Requirement: Scan the records below for the line with "Best Pick Messenger Bag - Myra USA" and the line with "Jones Twin Sister Snowboard Womens 2027". Repeat those two lines and every line between them exactly, and nothing else.

Source data:
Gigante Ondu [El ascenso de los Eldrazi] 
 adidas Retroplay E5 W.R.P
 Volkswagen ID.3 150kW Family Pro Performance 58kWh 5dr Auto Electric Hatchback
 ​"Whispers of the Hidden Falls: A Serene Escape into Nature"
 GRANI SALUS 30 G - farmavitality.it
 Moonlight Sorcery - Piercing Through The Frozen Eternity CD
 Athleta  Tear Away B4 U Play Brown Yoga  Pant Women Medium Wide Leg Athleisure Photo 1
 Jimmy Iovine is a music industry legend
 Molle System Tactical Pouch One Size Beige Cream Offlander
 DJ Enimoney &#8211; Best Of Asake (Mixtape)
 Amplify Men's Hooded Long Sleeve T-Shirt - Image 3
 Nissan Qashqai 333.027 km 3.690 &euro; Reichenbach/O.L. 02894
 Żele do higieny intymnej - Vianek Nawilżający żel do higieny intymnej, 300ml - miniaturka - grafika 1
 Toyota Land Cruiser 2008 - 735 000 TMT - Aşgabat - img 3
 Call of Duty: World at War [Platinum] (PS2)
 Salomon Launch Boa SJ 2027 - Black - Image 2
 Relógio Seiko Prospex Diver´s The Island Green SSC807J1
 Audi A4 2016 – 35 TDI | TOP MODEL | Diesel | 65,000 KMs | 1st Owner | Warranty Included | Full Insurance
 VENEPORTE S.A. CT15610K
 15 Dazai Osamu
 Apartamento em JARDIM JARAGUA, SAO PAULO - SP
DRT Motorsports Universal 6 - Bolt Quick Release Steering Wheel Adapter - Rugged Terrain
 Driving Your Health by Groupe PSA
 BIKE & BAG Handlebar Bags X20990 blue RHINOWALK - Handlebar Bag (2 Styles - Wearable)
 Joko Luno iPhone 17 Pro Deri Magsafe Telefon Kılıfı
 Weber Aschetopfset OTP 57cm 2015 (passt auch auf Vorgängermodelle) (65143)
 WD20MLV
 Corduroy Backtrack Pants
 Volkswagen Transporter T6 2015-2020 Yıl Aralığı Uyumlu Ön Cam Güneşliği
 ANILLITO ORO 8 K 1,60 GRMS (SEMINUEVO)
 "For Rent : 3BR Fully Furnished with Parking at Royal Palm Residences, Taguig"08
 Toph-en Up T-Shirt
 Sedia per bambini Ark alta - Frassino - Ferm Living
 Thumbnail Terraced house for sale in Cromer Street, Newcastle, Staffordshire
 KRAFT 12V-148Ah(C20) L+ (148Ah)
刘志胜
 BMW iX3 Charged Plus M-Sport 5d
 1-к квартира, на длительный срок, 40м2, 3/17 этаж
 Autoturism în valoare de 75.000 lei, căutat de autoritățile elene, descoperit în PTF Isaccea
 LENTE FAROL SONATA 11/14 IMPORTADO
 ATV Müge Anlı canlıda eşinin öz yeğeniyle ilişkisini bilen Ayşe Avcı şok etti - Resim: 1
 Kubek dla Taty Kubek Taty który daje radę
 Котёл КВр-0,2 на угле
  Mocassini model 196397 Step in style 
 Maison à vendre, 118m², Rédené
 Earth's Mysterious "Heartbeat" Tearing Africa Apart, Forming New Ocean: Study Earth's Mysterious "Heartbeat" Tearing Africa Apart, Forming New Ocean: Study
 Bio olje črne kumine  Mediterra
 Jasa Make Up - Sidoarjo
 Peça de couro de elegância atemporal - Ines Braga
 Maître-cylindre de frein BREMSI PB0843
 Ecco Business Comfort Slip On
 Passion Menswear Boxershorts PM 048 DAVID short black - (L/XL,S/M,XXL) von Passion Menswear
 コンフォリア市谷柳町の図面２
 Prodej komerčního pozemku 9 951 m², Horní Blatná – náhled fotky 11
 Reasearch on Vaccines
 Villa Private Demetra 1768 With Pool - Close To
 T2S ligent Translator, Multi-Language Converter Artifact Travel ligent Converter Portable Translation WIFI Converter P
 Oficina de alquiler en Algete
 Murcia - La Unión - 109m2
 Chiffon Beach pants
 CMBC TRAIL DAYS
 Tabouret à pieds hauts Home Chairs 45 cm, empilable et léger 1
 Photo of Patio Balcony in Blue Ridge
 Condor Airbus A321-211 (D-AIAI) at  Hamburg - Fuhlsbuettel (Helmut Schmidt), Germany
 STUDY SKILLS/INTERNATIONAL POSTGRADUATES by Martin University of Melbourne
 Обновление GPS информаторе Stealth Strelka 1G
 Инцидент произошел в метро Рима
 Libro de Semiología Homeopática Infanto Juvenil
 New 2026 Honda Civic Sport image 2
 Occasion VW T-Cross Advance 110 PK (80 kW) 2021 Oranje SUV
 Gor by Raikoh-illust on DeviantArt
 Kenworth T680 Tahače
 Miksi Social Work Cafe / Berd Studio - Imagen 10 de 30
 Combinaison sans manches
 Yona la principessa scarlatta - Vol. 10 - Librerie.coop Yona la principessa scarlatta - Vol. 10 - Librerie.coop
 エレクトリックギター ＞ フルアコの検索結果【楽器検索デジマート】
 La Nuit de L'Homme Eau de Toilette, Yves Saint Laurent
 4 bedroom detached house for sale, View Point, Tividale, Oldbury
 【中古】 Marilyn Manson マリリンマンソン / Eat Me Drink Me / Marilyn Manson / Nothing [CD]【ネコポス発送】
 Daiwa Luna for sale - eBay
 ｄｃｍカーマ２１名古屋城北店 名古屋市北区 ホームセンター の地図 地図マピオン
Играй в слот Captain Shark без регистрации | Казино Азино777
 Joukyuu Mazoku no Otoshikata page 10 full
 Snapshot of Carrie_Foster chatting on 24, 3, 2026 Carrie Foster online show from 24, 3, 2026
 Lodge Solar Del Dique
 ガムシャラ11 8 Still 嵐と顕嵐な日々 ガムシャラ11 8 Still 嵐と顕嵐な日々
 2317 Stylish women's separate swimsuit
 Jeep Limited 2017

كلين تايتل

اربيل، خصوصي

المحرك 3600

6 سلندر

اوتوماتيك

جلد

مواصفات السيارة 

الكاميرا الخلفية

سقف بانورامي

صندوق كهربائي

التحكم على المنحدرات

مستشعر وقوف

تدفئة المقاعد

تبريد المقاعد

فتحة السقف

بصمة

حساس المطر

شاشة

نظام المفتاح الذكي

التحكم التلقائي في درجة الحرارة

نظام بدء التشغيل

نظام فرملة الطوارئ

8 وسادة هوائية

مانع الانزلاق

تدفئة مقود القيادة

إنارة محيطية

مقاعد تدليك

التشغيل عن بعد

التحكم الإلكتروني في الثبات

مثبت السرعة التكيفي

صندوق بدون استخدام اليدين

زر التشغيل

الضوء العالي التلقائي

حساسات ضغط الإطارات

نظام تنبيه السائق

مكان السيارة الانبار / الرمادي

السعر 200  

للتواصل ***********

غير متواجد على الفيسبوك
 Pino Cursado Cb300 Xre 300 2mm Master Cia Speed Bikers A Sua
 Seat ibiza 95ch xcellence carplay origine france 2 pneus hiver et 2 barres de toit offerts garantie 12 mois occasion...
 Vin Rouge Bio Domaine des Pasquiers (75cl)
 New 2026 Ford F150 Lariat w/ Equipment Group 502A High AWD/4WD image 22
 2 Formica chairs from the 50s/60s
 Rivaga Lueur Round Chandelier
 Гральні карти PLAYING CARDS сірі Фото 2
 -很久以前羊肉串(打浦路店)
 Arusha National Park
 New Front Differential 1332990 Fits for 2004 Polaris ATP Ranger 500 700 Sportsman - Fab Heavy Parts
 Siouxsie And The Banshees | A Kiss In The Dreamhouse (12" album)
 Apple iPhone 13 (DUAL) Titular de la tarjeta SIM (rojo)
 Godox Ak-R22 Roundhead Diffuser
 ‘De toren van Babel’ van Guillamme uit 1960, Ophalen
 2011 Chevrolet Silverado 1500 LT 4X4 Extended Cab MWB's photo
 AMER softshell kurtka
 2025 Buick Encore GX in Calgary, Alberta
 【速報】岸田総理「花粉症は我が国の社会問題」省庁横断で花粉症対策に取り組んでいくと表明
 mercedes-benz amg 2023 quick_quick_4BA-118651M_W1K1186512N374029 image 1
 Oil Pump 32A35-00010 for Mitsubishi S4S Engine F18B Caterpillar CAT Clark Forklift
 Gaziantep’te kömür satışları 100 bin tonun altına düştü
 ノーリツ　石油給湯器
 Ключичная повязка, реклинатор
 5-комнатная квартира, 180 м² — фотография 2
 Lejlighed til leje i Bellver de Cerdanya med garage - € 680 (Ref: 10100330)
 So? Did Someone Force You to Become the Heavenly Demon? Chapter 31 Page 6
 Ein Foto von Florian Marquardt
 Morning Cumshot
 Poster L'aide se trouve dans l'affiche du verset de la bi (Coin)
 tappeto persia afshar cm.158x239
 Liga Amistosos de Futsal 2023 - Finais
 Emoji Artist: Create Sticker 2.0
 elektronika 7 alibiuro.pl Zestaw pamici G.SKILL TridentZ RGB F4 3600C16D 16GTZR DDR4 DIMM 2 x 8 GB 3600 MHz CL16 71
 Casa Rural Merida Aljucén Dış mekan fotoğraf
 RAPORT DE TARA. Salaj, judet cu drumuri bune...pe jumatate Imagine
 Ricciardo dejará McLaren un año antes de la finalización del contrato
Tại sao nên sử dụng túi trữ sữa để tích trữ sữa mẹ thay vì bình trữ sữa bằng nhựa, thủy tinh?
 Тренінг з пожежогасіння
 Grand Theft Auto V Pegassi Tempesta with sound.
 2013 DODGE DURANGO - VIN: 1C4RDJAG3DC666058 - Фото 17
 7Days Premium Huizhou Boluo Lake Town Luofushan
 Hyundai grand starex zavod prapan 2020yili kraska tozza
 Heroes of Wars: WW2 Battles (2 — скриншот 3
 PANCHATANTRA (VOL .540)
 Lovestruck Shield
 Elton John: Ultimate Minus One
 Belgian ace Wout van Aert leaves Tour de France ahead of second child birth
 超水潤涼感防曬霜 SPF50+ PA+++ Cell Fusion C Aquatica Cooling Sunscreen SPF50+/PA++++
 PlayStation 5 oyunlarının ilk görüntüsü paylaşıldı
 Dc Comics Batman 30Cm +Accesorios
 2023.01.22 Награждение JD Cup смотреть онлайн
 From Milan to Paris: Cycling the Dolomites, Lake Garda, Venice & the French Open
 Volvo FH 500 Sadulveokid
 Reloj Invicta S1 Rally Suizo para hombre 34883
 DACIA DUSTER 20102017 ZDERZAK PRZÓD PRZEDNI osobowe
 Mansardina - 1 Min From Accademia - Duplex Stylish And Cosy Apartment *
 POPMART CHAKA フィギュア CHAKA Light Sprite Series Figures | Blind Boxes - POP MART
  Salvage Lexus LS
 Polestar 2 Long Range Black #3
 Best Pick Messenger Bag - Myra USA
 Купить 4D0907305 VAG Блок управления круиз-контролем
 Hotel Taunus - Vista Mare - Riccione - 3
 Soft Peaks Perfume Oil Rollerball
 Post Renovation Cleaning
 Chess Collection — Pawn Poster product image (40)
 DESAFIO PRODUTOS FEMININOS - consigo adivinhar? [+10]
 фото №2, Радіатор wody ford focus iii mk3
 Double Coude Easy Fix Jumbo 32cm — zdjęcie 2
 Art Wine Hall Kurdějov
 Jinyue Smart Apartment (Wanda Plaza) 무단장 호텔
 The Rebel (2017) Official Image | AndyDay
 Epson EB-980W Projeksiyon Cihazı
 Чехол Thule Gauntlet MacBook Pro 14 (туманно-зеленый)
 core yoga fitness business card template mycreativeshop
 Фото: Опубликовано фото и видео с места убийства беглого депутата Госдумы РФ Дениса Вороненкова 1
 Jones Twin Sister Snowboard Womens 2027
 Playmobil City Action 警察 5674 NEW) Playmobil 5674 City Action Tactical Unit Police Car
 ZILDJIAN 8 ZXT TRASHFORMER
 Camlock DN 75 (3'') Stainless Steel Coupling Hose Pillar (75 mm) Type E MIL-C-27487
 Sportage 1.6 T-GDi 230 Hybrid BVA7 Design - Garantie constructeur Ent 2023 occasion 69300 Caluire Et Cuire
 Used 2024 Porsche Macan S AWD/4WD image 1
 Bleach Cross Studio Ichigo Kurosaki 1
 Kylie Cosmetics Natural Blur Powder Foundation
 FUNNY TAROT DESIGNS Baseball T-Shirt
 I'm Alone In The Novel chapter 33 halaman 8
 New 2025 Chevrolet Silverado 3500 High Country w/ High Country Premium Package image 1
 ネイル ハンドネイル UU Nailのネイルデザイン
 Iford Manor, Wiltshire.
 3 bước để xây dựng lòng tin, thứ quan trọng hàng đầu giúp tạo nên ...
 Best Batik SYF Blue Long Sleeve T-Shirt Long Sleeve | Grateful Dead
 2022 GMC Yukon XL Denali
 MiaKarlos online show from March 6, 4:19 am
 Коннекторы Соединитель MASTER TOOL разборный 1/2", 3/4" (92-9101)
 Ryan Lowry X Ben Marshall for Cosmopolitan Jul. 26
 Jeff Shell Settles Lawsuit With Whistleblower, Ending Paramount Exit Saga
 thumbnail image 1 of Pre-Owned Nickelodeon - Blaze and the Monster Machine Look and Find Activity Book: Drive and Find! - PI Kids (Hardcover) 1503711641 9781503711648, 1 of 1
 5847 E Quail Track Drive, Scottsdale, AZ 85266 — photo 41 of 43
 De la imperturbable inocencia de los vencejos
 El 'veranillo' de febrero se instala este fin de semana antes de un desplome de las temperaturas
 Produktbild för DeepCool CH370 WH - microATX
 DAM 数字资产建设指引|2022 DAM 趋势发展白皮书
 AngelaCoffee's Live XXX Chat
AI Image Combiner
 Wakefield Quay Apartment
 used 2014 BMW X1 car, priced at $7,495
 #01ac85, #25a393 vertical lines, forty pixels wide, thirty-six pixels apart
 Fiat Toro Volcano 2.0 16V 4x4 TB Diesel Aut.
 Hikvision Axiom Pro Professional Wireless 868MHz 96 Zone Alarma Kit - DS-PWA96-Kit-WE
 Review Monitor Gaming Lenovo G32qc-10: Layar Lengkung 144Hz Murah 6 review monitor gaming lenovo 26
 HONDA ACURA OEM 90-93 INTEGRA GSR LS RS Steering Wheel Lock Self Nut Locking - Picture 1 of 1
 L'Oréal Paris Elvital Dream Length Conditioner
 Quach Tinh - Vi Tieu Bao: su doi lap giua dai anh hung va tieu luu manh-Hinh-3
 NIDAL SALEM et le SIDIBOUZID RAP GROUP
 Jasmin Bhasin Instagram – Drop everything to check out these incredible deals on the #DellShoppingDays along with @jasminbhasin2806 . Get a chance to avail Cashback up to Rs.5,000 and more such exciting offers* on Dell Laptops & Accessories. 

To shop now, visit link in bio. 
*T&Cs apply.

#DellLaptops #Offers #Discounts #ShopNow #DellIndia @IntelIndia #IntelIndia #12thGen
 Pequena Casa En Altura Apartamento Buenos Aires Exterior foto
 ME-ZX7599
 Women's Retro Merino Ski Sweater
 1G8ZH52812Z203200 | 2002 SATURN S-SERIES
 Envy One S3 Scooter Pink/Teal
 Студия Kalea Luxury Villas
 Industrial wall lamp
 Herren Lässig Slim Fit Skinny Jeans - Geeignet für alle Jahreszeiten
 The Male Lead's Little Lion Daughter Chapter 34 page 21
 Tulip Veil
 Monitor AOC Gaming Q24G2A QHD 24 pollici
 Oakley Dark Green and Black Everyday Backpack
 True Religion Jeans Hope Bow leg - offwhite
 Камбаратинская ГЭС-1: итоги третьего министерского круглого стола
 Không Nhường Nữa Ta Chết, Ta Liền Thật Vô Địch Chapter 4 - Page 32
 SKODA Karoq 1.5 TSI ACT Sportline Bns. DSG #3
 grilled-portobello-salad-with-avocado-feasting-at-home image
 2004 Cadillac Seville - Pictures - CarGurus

Task output:
 Best Pick Messenger Bag - Myra USA
 Купить 4D0907305 VAG Блок управления круиз-контролем
 Hotel Taunus - Vista Mare - Riccione - 3
 Soft Peaks Perfume Oil Rollerball
 Post Renovation Cleaning
 Chess Collection — Pawn Poster product image (40)
 DESAFIO PRODUTOS FEMININOS - consigo adivinhar? [+10]
 фото №2, Радіатор wody ford focus iii mk3
 Double Coude Easy Fix Jumbo 32cm — zdjęcie 2
 Art Wine Hall Kurdějov
 Jinyue Smart Apartment (Wanda Plaza) 무단장 호텔
 The Rebel (2017) Official Image | AndyDay
 Epson EB-980W Projeksiyon Cihazı
 Чехол Thule Gauntlet MacBook Pro 14 (туманно-зеленый)
 core yoga fitness business card template mycreativeshop
 Фото: Опубликовано фото и видео с места убийства беглого депутата Госдумы РФ Дениса Вороненкова 1
 Jones Twin Sister Snowboard Womens 2027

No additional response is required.